■ About this task: Lines from the one containing "Woman in short" through the final line of the entries below: reproduce them exactly, all of them and only them.

(Records)

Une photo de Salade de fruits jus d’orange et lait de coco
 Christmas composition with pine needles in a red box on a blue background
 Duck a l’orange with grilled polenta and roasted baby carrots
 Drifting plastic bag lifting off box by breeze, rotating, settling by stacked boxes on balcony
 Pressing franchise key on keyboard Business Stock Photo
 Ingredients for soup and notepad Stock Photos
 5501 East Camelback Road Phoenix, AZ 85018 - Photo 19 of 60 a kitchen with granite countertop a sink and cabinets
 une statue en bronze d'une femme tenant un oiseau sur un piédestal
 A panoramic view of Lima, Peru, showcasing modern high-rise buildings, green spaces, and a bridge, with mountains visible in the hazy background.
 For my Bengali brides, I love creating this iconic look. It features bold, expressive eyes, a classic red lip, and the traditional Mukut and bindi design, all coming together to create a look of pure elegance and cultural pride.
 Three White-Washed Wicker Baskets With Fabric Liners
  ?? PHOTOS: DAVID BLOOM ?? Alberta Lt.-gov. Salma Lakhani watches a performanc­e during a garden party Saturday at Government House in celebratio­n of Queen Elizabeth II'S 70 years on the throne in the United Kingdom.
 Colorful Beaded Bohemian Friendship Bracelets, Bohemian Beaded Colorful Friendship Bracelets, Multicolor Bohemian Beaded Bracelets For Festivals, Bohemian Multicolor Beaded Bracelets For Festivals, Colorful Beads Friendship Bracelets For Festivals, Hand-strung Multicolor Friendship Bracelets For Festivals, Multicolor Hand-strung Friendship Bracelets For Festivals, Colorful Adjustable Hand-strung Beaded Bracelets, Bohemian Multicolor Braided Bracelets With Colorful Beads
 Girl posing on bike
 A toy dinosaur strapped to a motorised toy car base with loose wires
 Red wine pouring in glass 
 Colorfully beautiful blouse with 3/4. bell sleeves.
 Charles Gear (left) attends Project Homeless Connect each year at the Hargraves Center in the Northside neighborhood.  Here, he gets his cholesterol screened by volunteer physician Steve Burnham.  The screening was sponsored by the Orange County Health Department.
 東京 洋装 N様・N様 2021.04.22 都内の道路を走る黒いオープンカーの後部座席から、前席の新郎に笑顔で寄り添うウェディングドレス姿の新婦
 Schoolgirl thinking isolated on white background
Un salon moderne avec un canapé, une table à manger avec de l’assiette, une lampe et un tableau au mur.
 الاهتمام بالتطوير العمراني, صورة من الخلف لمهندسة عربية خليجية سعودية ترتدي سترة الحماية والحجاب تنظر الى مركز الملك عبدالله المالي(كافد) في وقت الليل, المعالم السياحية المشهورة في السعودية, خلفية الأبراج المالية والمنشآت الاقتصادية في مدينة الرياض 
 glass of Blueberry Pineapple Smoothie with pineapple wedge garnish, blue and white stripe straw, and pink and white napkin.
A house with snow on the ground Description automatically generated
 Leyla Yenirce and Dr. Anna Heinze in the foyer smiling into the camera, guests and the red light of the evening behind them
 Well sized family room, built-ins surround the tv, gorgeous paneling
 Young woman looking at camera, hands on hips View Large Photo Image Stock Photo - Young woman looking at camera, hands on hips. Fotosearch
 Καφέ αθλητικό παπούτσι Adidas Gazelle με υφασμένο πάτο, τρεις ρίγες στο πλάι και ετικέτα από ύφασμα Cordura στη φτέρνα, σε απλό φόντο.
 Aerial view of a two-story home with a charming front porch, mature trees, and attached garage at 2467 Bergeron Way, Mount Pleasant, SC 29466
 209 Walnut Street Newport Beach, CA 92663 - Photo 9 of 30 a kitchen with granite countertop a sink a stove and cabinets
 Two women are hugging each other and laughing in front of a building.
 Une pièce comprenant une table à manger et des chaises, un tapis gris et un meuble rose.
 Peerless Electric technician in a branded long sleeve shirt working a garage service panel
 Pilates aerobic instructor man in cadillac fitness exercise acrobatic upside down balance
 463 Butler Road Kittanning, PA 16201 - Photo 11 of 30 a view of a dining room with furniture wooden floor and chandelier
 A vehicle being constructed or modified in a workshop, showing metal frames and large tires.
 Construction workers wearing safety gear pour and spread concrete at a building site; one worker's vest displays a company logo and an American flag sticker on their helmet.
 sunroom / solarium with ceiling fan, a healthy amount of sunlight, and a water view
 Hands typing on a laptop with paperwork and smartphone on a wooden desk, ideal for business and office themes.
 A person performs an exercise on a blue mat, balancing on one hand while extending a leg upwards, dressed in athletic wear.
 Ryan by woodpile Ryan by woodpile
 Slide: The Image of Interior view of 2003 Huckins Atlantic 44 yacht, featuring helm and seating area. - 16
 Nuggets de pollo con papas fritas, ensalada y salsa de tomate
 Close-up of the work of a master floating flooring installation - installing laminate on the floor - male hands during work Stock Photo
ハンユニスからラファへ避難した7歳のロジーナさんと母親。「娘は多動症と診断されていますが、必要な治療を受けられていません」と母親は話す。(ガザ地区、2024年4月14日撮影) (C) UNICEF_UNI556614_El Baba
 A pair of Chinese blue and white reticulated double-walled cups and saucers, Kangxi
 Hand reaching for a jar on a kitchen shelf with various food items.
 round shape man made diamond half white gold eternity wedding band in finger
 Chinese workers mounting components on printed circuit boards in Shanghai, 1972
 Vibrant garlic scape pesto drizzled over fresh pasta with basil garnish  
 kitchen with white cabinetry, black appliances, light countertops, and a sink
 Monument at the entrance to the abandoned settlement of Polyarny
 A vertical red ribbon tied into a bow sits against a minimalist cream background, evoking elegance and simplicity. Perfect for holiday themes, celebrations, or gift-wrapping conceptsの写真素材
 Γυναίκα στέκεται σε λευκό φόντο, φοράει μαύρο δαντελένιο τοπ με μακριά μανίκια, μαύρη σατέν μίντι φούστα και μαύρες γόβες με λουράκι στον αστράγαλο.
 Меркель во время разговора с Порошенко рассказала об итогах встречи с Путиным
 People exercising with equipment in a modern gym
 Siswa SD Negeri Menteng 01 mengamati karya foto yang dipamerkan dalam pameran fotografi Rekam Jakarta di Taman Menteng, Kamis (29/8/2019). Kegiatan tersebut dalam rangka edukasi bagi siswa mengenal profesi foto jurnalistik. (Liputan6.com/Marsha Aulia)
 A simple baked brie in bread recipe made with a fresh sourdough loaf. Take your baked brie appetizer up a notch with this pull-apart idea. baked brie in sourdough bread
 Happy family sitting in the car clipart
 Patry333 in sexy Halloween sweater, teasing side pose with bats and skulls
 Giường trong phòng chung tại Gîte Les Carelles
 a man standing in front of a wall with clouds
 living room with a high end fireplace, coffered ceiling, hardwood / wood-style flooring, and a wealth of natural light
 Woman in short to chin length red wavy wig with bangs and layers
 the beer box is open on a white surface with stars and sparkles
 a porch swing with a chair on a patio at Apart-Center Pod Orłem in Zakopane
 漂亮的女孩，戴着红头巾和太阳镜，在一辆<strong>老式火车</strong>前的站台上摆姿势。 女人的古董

(End Records)

■ Solved problem:
 Woman in short to chin length red wavy wig with bangs and layers
 the beer box is open on a white surface with stars and sparkles
 a porch swing with a chair on a patio at Apart-Center Pod Orłem in Zakopane
 漂亮的女孩，戴着红头巾和太阳镜，在一辆<strong>老式火车</strong>前的站台上摆姿势。 女人的古董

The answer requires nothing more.